My life, it’s not private anymore. That’s for one. But it has changed
for the better, mainly because I see that people are tuned in at many levels;
there is a great store of people who can relate to it. The negative part is people
see me as some larger than life guy, which I am not. And sometimes people tend
to give you more power than you have.
What lies in the future of FaunaVision?
More of the same, we would like to branch out. But it’s not like FaunaVision
wants to be the biggest. We would like to help those that help. I think that’s
our strong point. We aren’t trying to reinvent the wheel. We would like
to encourage and create things for people so they can come to us for advice,
for technical expertise.

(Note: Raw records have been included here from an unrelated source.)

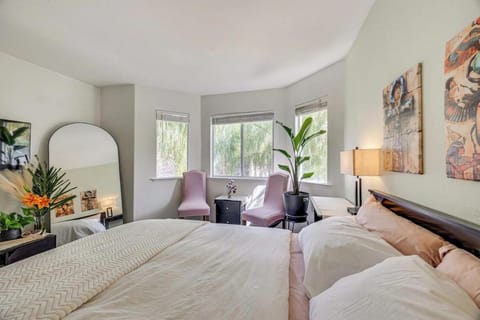 Rudraksha-5BR Luxury,3Bath, NE Fresno, Shopping, Dining, Medical, Tourist Attractions House in Fresno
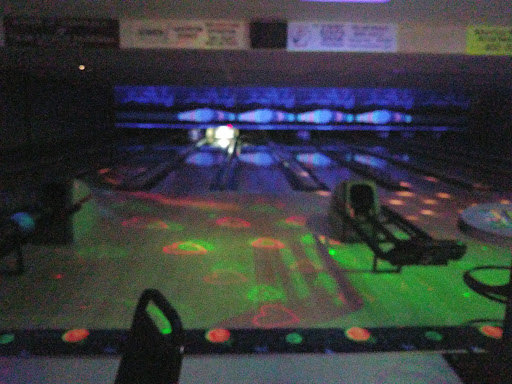 Gutterz Fun Center - Visual
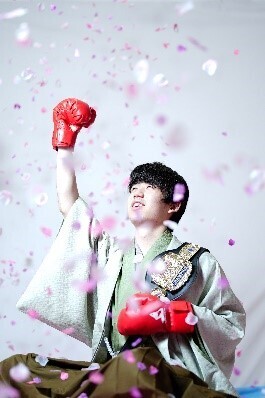 スポニチ創刊75周年記念 「藤井聡太王将　写真展」を開催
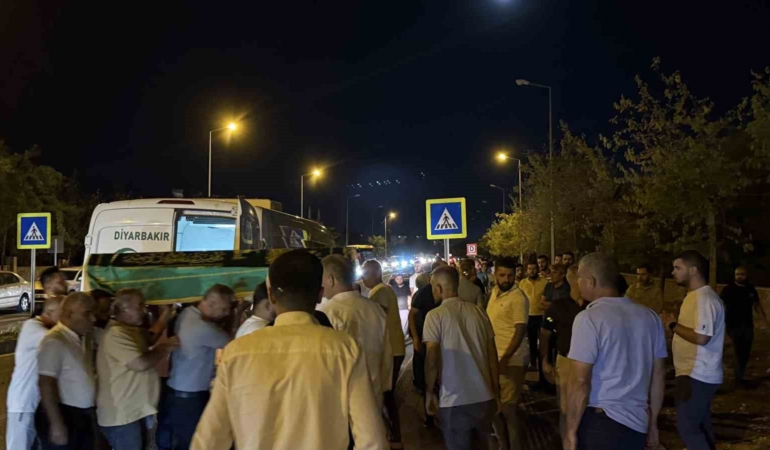 112-acil-servis-personeli-kanala-dusen-oglunu-duygusal-bir-torenle-ugurladi-726kJQIR.jpg
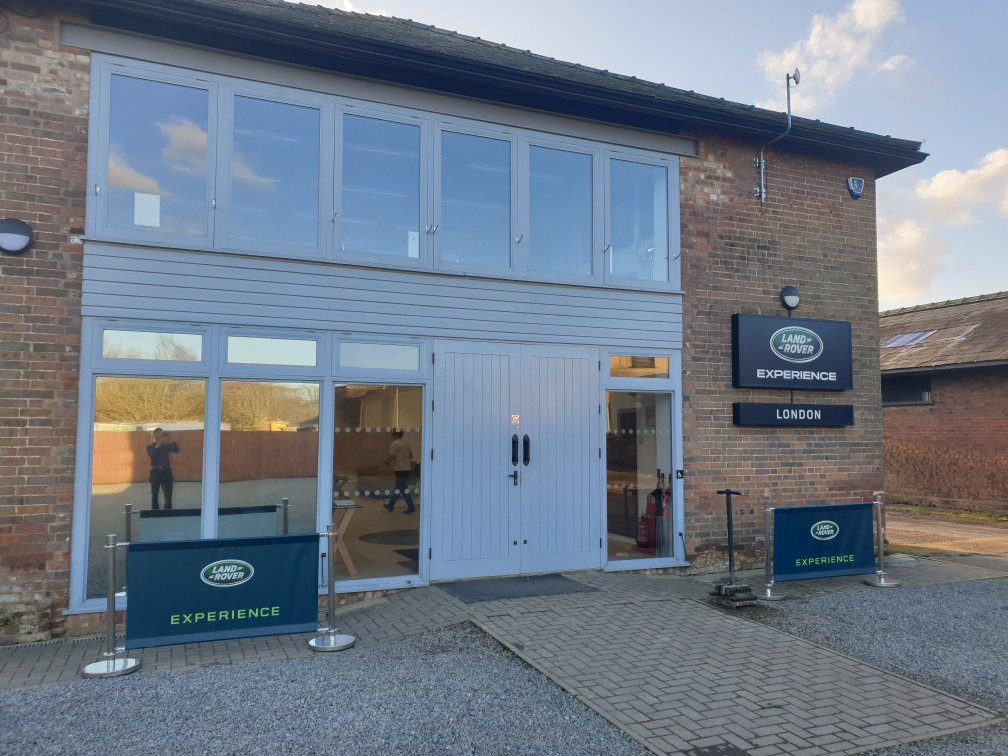 Land Rover Experience-卢顿必去景点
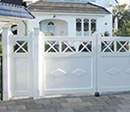 Exklusive Gartentore mit dekorativen Kreuzen - Holztor ALT-HAMBURG aus ODUM-IROKO Hartholz - zum vergrößern klicken !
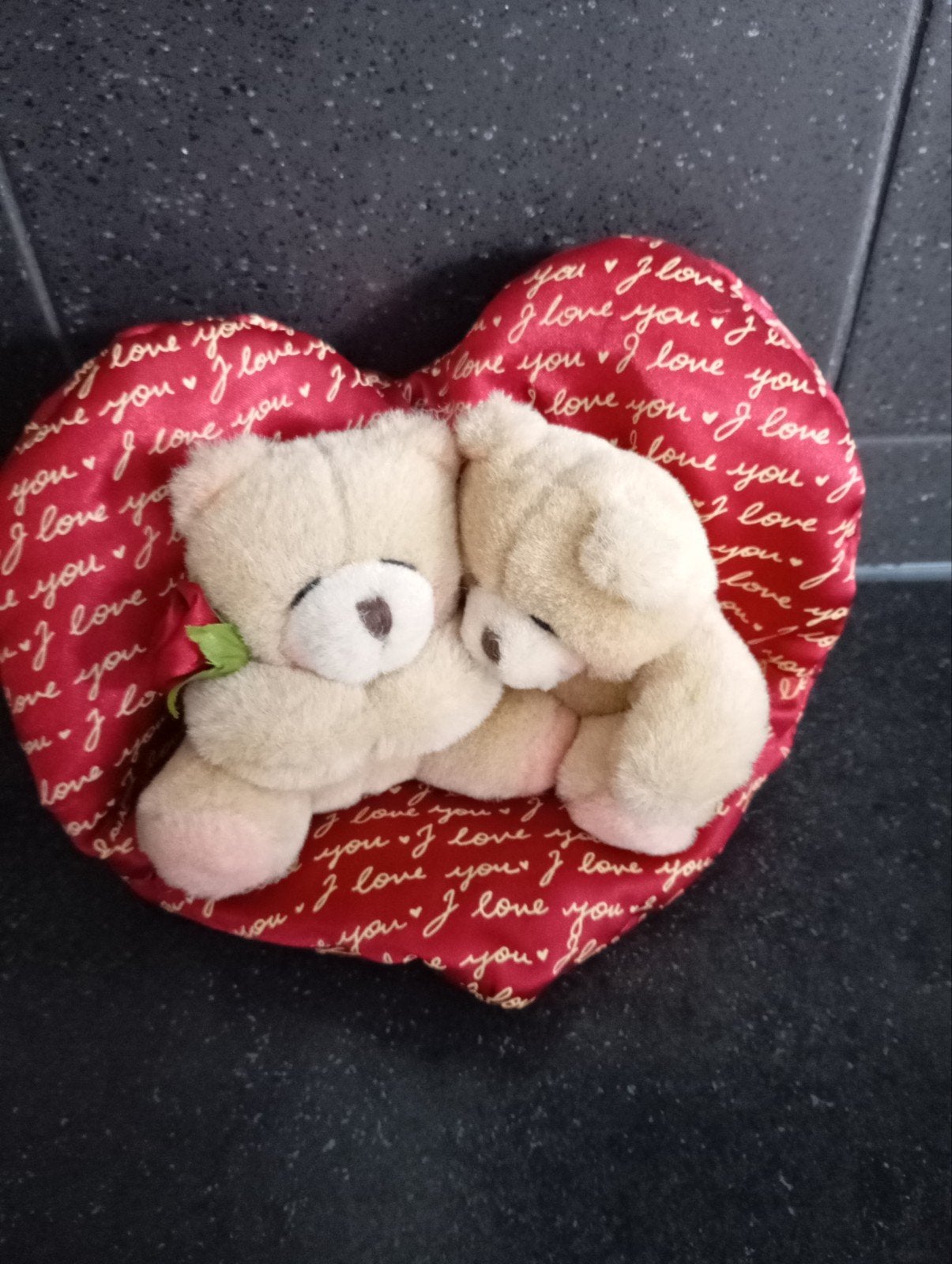 VINTAGE FOREVER FRIENDS BEER MET HART NU 12€ ZIE FOTO,S., Verzamelen, Ophalen of Verzenden, Zo goed als nieuw, Stoffen beer, Forever Friends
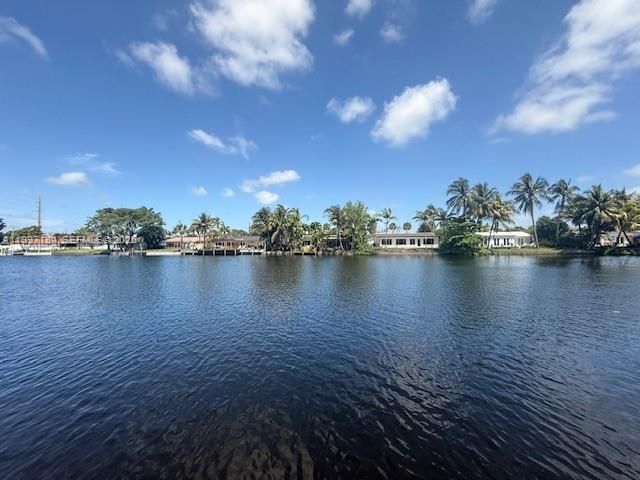 717 NW 30th St, Wilton Manors, FL 33311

And I want people to do something better than FaunaVision.
That’s the idea—we should be sharing what works. Once you start thinking
it’s my creation, it’s just not right. You can’t think that
Just basically, help people try and seek opportunity, and naturally, organically
carry the message. I try to do that. It has got to be talked about, it has got
to be said, like if people ask you why you don’t eat ice cream, tell them,
and in detail—don’t be afraid. It might be uncomfortable. But if
you watch the images on FaunaVision, you’ll know how uncomfortable the
animals are. Keep on keeping that hope and continue being a voice for the animals.
And don’t scream at each other because the important message gets compromised,
diluted. I think there is a need to have one voice. We have to turn this cacophony
into a symphony.
To get involved with FaunaVision’s street activism or to learn more, contact
www.oasissanctuary.org or (212) 459-4385.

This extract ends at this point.